# Sally B Airborne again



## trackend (May 17, 2009)

Sally B made her first airshow flight today at the Duxford spring airshow after best part of a year on the ground following a double engine failiure.
Dispite poor weather the sight of Sally sporting some refurbished nose art making an appearance bought sunshine to those of us who have supported Sally over the years as 
Britains memorial aircraft to commemorate all the WW2 US flyers who never made it back home across the pond she is totally funded by private donations from the public and 
members of the supporters club and a hell of a lot of hard work by the Sally B team.
I took these snaps today at the show


----------



## GrauGeist (May 17, 2009)

Definately good news, trackend...good to see her up and runnin' again!

Great photos, thanks for sharing them


----------



## FLYBOYJ (May 17, 2009)

Nice pics Tack and nice to see you drop in. Hope all is well!


----------



## evangilder (May 17, 2009)

Glad to see her up in the sky again, and good to see you back too, Lee. Nice shots!


----------



## seesul (May 17, 2009)

Thanks Lee, what a great news!


----------



## ToughOmbre (May 17, 2009)

Great to see "Sally B" back where she belongs!

Thanks Track!

TO


----------



## ccheese (May 17, 2009)

Nice to see you back, Lee.

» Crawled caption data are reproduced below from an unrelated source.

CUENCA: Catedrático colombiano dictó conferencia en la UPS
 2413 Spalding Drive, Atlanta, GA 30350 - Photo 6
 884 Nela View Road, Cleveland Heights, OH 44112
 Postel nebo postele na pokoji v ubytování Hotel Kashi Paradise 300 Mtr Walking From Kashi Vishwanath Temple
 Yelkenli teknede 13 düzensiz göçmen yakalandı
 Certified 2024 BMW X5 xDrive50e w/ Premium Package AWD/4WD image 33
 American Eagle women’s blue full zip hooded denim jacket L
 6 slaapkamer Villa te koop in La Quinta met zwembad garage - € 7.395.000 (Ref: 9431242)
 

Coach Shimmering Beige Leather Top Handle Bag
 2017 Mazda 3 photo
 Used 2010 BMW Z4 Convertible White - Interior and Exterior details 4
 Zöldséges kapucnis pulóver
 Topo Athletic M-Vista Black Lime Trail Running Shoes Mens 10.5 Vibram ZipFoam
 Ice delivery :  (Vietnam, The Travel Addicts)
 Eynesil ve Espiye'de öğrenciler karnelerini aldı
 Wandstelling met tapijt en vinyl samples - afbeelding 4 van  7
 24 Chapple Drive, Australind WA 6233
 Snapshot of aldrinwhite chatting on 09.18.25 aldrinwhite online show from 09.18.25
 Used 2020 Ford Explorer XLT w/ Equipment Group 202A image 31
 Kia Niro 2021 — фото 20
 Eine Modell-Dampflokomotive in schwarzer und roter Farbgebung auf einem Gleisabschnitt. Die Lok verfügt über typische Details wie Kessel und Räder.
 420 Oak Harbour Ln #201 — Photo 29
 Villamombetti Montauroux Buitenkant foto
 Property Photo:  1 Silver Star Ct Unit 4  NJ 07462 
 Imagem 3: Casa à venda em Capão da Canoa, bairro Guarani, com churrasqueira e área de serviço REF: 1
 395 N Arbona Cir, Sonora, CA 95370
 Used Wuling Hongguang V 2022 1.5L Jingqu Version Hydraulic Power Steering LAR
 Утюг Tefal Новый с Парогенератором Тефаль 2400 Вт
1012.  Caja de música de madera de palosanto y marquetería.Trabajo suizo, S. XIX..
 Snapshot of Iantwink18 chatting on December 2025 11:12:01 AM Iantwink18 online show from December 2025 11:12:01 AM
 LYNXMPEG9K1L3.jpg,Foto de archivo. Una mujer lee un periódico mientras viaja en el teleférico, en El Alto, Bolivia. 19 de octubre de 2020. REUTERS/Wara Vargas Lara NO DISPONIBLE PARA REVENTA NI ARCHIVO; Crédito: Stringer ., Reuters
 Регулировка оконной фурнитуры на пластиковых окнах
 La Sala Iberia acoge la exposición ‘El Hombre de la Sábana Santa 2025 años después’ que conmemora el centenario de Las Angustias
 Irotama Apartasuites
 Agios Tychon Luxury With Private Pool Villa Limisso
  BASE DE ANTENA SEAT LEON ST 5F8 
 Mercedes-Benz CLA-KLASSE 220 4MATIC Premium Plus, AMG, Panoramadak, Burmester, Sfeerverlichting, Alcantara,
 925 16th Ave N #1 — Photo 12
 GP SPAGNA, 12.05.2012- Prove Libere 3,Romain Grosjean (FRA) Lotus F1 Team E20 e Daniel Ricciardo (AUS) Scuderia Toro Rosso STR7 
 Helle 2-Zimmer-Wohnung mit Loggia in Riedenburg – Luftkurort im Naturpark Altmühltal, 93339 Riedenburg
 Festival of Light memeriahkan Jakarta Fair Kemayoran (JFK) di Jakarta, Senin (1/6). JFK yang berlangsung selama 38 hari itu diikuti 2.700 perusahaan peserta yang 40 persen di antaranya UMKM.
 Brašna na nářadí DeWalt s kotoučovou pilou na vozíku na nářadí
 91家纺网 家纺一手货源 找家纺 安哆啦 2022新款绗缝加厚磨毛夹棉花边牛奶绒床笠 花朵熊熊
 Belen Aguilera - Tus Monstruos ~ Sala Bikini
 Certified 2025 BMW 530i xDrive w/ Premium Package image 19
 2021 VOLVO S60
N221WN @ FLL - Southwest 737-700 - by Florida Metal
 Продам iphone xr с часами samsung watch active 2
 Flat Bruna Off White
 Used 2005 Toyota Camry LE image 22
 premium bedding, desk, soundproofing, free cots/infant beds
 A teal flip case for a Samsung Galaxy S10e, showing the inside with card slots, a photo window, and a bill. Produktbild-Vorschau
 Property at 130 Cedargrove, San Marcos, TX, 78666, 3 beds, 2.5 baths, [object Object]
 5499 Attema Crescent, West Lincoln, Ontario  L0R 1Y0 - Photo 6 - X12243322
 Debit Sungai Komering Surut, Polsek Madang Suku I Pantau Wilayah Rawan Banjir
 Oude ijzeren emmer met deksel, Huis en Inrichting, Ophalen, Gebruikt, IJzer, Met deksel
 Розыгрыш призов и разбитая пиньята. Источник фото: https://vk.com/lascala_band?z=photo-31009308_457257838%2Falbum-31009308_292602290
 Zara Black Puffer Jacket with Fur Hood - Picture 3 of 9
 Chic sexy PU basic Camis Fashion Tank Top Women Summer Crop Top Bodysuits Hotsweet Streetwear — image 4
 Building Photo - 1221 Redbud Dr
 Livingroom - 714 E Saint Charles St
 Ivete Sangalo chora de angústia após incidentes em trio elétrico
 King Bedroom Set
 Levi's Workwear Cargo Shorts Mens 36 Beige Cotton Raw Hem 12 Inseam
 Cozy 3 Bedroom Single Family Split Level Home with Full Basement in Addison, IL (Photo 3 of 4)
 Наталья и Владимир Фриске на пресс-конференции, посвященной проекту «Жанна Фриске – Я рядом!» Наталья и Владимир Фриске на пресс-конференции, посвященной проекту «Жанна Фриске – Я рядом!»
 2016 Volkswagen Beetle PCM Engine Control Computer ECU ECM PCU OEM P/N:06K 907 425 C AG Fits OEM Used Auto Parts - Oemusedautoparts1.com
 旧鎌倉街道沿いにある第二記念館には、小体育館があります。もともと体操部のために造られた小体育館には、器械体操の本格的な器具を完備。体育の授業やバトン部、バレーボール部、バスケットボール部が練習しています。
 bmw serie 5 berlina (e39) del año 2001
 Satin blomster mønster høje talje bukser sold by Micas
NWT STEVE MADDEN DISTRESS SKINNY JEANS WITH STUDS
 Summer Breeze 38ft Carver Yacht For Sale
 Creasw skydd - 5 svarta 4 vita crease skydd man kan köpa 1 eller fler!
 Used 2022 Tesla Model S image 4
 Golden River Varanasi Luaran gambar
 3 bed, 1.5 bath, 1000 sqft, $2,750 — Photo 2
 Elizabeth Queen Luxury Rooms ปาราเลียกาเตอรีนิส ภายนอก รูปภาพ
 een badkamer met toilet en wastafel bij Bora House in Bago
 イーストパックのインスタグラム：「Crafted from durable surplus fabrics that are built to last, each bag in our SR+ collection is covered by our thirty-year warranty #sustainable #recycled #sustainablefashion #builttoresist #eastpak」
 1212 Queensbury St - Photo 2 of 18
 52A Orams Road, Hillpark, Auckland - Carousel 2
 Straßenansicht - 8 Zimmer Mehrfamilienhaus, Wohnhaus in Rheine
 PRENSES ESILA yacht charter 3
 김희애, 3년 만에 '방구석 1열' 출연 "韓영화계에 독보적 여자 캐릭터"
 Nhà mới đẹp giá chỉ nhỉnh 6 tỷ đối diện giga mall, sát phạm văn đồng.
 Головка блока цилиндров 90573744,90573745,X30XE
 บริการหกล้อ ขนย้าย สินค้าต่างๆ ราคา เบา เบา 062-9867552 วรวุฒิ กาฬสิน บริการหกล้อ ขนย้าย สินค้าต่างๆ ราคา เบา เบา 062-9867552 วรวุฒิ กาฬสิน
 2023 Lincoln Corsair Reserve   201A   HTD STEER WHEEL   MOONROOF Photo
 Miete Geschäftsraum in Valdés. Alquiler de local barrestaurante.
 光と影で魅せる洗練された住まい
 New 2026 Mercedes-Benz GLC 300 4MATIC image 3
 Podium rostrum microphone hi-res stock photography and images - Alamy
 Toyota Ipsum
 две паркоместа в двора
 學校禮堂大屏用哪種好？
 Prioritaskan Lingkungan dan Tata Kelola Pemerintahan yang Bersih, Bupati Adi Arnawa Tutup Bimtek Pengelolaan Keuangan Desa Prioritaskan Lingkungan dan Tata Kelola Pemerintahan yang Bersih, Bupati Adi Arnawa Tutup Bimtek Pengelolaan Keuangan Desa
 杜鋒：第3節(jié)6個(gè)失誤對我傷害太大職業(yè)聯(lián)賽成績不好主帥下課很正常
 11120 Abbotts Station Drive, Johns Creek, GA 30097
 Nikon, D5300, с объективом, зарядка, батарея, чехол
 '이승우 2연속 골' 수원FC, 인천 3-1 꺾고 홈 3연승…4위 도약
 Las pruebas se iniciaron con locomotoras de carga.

Good pic's, too [a nude... oh my gawd !]

Charles


----------



## Geedee (May 18, 2009)

Thats some good news Lee, thanks for the update.

Not too sure about those other two engines...smoking a bit !


----------



## Gnomey (May 18, 2009)

Good to see you back Lee. Thanks for the good news about Sally B.


----------



## Airframes (May 18, 2009)

Nice to have you back, and great news and great pics. Thanks Track'.


----------



## Micdrow (May 18, 2009)

Sweet shots Trackend, many thanks for sharing!!!


----------